(Text-to-region grounding data)

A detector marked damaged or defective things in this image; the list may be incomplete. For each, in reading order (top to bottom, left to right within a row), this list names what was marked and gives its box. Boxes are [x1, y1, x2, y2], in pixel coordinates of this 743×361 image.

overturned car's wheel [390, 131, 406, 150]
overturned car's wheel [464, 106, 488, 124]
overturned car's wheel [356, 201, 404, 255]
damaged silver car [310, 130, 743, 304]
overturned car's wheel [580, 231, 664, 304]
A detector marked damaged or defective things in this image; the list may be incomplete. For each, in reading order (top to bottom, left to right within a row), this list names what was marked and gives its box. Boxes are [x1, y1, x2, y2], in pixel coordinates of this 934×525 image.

--

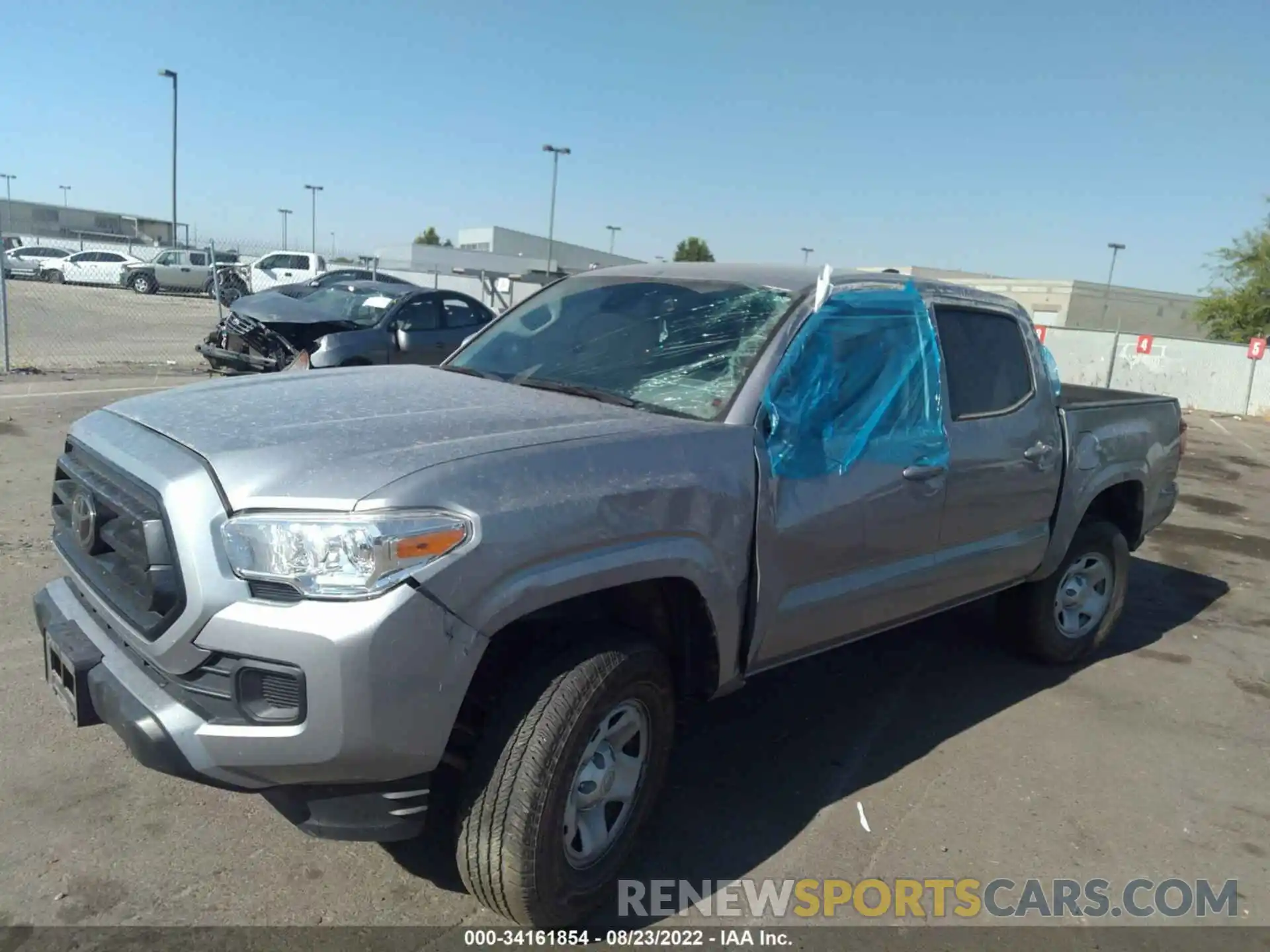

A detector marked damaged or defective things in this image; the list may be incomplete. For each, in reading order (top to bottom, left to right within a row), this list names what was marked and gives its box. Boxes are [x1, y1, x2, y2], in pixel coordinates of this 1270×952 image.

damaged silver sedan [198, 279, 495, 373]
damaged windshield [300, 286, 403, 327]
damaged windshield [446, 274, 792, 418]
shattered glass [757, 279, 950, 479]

* **Your assignment**:
What do the lines above say from the one containing "this 743×361 image." down to the one containing "this 934×525 image."? Return them exactly, both end lines included, and only them.

* **Written solution**:
A detector marked damaged or defective things in this image; the list may be incomplete. For each, in reading order (top to bottom, left to right within a row), this list names what was marked and gives its box. Boxes are [x1, y1, x2, y2], in pixel coordinates of this 743×361 image.

overturned car's wheel [390, 131, 406, 150]
overturned car's wheel [464, 106, 488, 124]
overturned car's wheel [356, 201, 404, 255]
damaged silver car [310, 130, 743, 304]
overturned car's wheel [580, 231, 664, 304]
A detector marked damaged or defective things in this image; the list may be incomplete. For each, in reading order (top to bottom, left to right within a row), this list names what was marked and gives its box. Boxes are [x1, y1, x2, y2], in pixel coordinates of this 934×525 image.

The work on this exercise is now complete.